Chris Christie sinking in New Jersey: Trouble for 2016?
N.J. Gov. Chris Christie is increasingly unpopular in his home state, a new poll shows. That could take away a key selling point for the presidency, as it did for Mitt Romney.
Cheryl Senter/AP
Washington
Gov. Chris Christie is now polling at his lowest favorability rating to date as governor of New Jersey. Just 42 percent of the state’s adults view him positively and 45 percent view him unfavorably, according to the latest Rutgers-Eagleton poll. His favorability rating has declined by 7 percentage points during the past two months.
The (sort of) good news for Governor Christie is that his job approval rating is still above water, with 49 percent approving and 46 percent disapproving. But even there, the numbers are trending in the wrong direction. His job approval is down 3 percentage points during the past two months; disapproval is up 5 points.
If Christie runs for president in 2016 – and he’s showing all the signs – do these numbers bode ill for him?
Let’s do a comparison with Mitt Romney, the Republican presidential nominee in 2012 and former governor of Massachusetts – a Democratic state, like New Jersey. By the time Mr. Romney left office in 2007, he was deeply unpopular in Massachusetts. That clearly didn’t prevent him from getting the nomination in 2012, but did it hurt his chances against President Obama?
In a way, it might have. Romney couldn’t deploy one of his best arguments to swing voters yearning for a more functional Washington: that he was a bridge builder in Massachusetts, able to work across the aisle.
If Christie’s numbers continue to head south, he could face the same bind.
“I’m not sure that national voters particularly care about how a [presidential] candidate might be doing in his home state,” says David Redlawsk, director of the Eagleton Center for Public Interest Polling at Rutgers University in New Brunswick, N.J. “But where it matters is that we’re seeing a dramatic partisan gap in opinion about Christie. One of his selling points has been that he can reach across [partisan] lines.”
The Eagleton Center’s latest poll shows a 53-point gap in how Republicans feel about Christie versus how Democrats feel.
“That’s probably about as large as we’ve seen in his entire time in office,” says Professor Redlawsk. “That’s the more important point, in the national context.”
Christie is also losing independents at a growing rate, a trend that threatens his image as a leader with broad support, Redlawsk adds.
So what about Bridge-gate, the scandal that broke last year over the multiday traffic jam near the George Washington Bridge as an act of alleged political retribution?
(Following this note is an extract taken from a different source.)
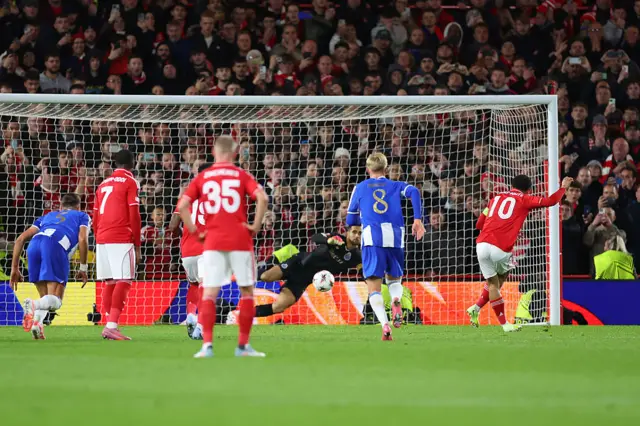 Morgan Gibbs-White scores a penalty for Nottingham Forest against Porto at the City Ground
Several top Christie aides were implicated (and fired), though Christie himself has so far escaped direct blame.
Christie was reelected last November in a landslide, but his ratings took a big hit after the Bridge-gate scandal broke. He recovered a bit for a while, but now that looks like a temporary blip, Redlawsk says.
The Eagleton-Rutgers poll shows voters’ top concern is taxes (24 percent) and the economy and jobs (21 percent). Bridge-gate enters the mix in issue No. 3 – corruption and abuse of power – at 16 percent. No. 4 is education, at 12 percent.
Christie has lost ground with New Jersey voters in his handling of the state budget, now 37 percent approval, down 6 points from January 2014. On the state’s pension crisis, he’s holding steady at 24 percent approval, unchanged from August, the first time the question was asked.
One bright spot is Christie’s handling of hurricane Sandy, which hit right before the 2012 election. His approval on Sandy recovery has jumped to 60 percent, up from 54 percent last February.
“Ultimately, it remains a little bit early to be thinking that responses here in Jersey ahead of the midterm are going to define what happens in the Republican primary,” says Redlawsk. “But it certainly should provide some cause for concern for Christie supporters.”